■ WHAT IS REQUIRED
How many lines in the records below contain the word "Wall"? Answer with the number alone.

DATASET RECORDS: Begin

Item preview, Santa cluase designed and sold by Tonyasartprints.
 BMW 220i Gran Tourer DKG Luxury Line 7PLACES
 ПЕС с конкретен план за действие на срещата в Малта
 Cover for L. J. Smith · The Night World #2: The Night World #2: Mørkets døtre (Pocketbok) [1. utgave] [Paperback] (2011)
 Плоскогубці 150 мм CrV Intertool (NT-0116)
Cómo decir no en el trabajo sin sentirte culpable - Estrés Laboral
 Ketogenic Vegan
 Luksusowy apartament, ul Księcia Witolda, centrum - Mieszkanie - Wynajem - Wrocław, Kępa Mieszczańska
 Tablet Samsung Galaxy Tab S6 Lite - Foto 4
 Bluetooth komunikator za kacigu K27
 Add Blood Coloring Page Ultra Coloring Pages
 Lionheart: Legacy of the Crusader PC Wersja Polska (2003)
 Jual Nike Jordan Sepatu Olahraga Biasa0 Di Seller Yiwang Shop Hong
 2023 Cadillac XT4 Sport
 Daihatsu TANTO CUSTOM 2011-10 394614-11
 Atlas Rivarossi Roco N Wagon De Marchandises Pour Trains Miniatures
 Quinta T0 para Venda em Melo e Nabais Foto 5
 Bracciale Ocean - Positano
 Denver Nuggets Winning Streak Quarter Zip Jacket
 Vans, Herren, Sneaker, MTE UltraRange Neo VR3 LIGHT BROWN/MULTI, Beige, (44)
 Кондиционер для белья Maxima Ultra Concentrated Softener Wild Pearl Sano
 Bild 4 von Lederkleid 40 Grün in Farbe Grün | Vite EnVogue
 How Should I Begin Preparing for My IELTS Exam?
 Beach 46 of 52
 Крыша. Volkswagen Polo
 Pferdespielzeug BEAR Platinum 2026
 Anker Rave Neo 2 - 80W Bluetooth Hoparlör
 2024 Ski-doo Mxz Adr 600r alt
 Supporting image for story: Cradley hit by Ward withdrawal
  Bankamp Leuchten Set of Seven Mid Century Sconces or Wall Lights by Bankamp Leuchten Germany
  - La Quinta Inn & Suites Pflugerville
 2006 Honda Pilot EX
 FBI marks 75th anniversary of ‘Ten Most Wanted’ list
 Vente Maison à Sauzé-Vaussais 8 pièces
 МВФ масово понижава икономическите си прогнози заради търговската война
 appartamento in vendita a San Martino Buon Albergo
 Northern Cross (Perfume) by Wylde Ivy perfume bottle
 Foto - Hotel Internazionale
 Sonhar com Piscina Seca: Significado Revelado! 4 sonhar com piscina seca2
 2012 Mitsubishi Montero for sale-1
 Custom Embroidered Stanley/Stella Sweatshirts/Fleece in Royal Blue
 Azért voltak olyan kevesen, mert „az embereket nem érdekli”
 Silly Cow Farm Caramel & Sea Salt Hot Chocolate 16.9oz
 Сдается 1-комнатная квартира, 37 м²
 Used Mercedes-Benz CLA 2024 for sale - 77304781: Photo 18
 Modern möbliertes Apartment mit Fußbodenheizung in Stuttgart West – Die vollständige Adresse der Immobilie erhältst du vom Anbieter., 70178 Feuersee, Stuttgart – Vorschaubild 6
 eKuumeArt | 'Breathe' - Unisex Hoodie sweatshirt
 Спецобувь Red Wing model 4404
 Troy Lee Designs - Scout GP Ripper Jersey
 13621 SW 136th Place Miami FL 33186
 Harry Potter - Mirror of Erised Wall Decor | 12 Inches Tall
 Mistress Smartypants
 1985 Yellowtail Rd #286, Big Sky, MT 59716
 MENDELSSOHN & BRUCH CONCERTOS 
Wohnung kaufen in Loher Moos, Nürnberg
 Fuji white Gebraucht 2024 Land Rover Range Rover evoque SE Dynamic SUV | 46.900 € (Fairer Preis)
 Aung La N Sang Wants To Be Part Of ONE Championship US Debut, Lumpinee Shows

DATASET RECORDS: End

■ TASK OUTPUT
2